30分にどれだけ意味があるのかわからないが、荷物の積み下ろしもあるので、小笠原海運の事情かな?という気がする。

やがて時間になり太鼓が鳴らされる。
汽笛とともに船は出航。
社長は体調がよくないのでもう見送りには来ていないようだが、元図工の先生がお見送りに来てくれたのが嬉しかった。

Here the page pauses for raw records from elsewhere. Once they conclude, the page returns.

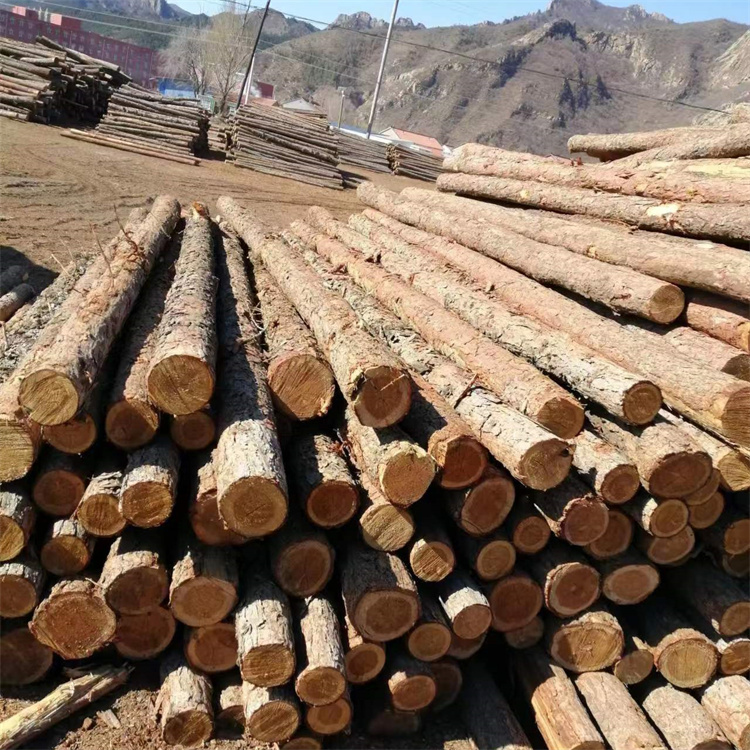 Hongyuan Landscape Wooden Square Pine Piles, Wholesale of Timber, Deciduous Pine, Keel Strips, Customizable for National Shipping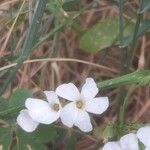 Oxalis incarnata Žiedas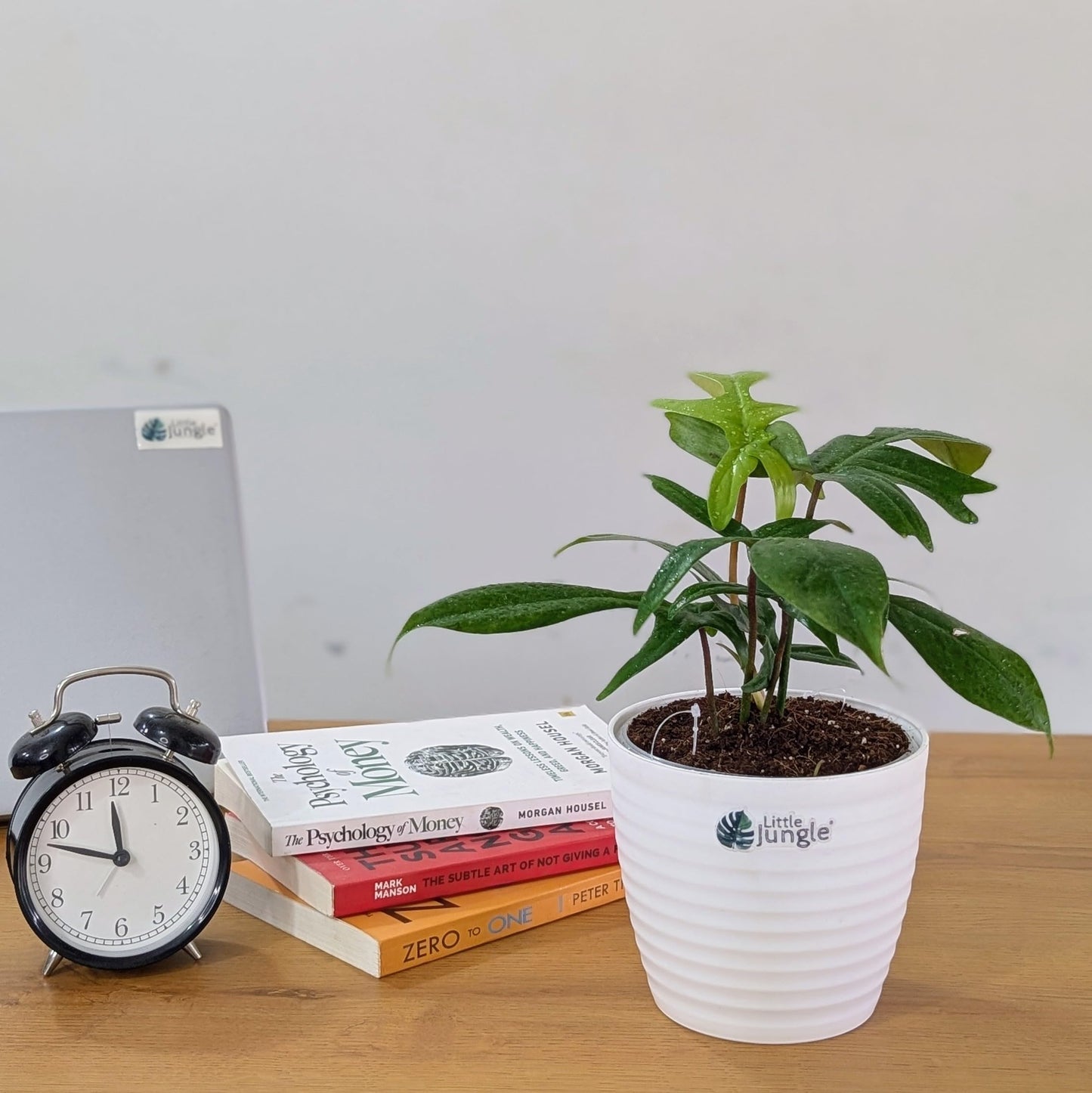 LittleJungle Philodendron Micans - Live Plant with 5.5 Inches White Decor Pot | Indoor Plants For Home | Live Plants Indoor | Air Purifying Plant | Live Plant With Pot For Home Decor |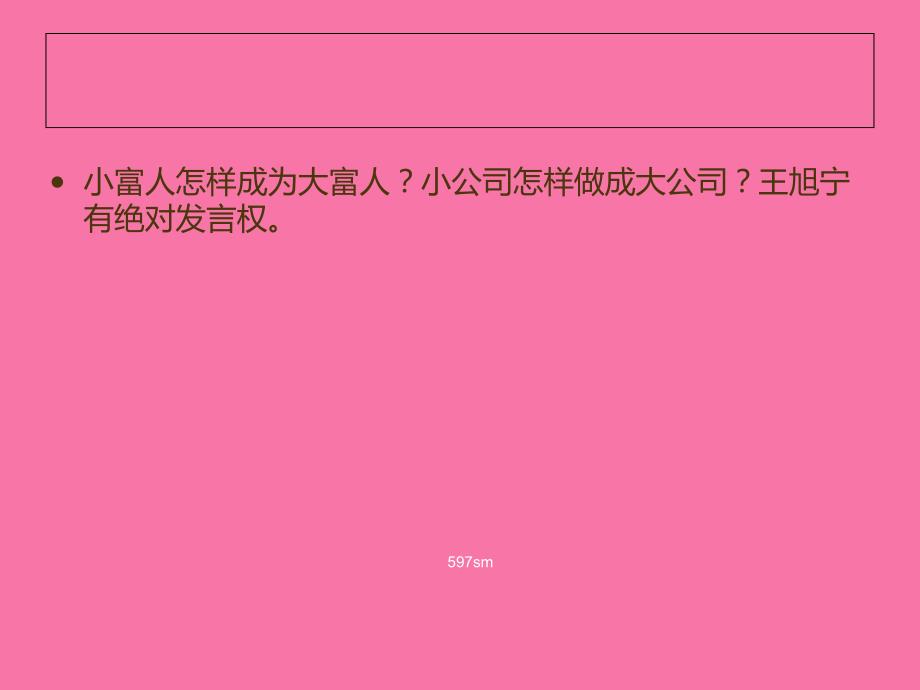 阳市值超海尔董事长王旭宁如何从小做大ppt课件_第2页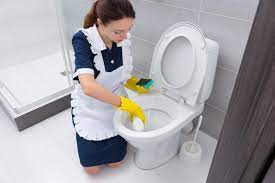 Doing Your 'Business' Anywhere but the Toilet from Hotel Housekeepers Share the Worst Things You Can Do When Staying in a Hotel - The Active Times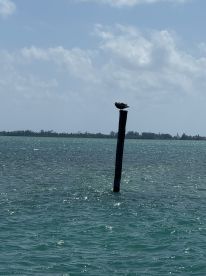A pelican perches atop a wooden post in tranquil waters, showcasing the serene beauty of coastal wildlife.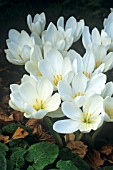 COLCHICUM SPECIOSUM ALBUM, CROCUS - AUTUMN CROCUS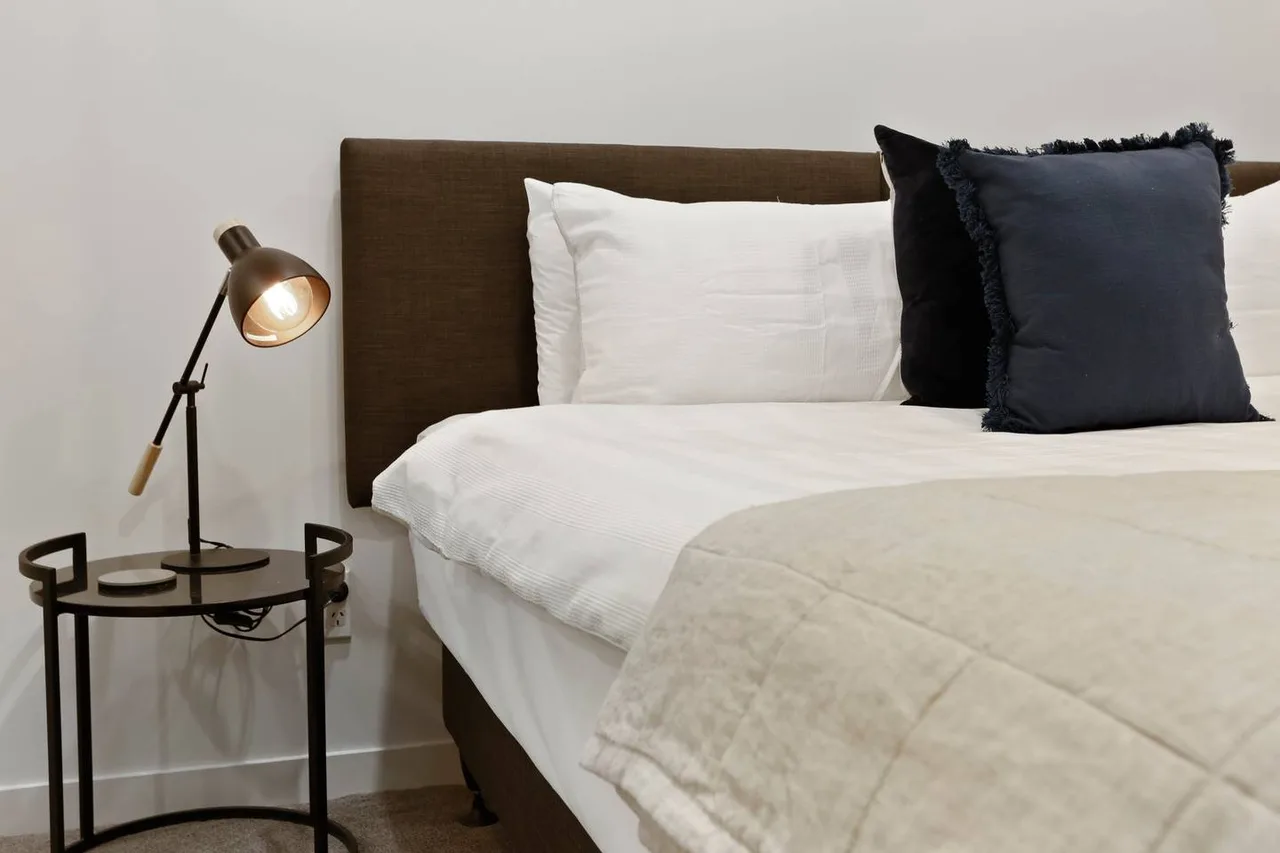 Modern Two Bedroom Apartment in Auckland photo 5
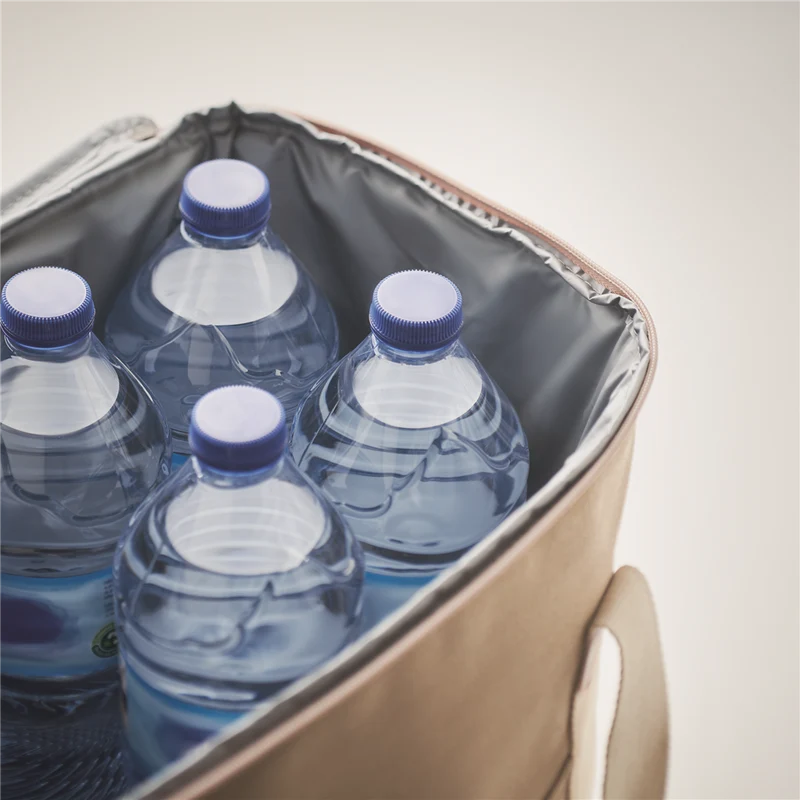 Large Cooler Bag in Canvas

そして船がたくさんついてきて、お見送り第二幕の始まり。
基本的に最近はダイブするのはダイビング船のみ。
ダイビング船は一隻ずつ近づいてきてだいぶ。
それ以外の船は、手を振ってお別れ。
ツアーに乗っていた船はお見送りはやっておらず、最後は去年まで2番手だった父島観光のドリーム号。
Mis.PAPAYAばりにかなり沖まで出てきてくれました♪

今回は、なんだか今までとは少し違う感じ。
いつもお見送りを見ると感無量になるのだが、今回はやりつくした感じ。
今まで見ていなかったもの、母島、乳房山、固有種の鳥たち、新月の夜に満点の星空と天の川、父島の島回り、お墓参り、のんびりした時間・・・
どれも今まで海のツアーだけでは見ることのなかった、経験することのなかった特別なもの。
なんだか達成感であふれている感じだった。

聟島列島もきれいに見えて、小笠原海域を出る。
夕日は雲が多くてあまり焼けず。

夜はいつものように8時くらいから赤ワインのボトルを一本買って、真っ暗な海を見ながら独り静かな時間を過ごす。

 7月13日(金) 旅の最終日 

今回は前線の位置が微妙だったので、初めから朝日を見る予定はなく、7時のアナウンスまでぐっすり寝る。
朝食はラウンジで、厚切りトーストと、コーンスープ、ヨーグルト。

晴れていて気持ちいので外で音楽を聴きながらまったり。
島で会った人を見つけて、しばし雑談を楽しむのはいつものこと。
10時くらいになって小腹もすいてきたので、すかさずアップルパイ。
まだまだのんびりだ。

なぜか今便はレストランが空いていて、展望喫茶は満席。
なので、昼飯はレストランで食べて、まったり。

大島が見えるあたりから船が多くなりだして、三浦半島に近づくと海の色が一変。
その中を、おがさわら丸からでも見えるサイズの生き物が泳いでいる。
たぶんクジラだろうと思うが背びれだけではなんだかわからない。

城ヶ島の横あたりで、豪華客船が出てくるのを発見。
飛鳥IIだ。この後入れ替わりで小笠原に向かうらしい。
向こうから見えてはいないけど、無意味に手を振ってしまう。

やがて東京湾に入るが天気も悪いし、海も汚い。
現実に戻ってきてしまった。

竹芝に着くと雨。
夕立が来そうな状況。
そそくさと急いで駅に向かい、今回の旅は終了。

終始異常気象に翻弄されながらも、初めてのことがたくさんあった。
やはり行けばいいことがある。
改めて実感するとともに、小笠原に感謝。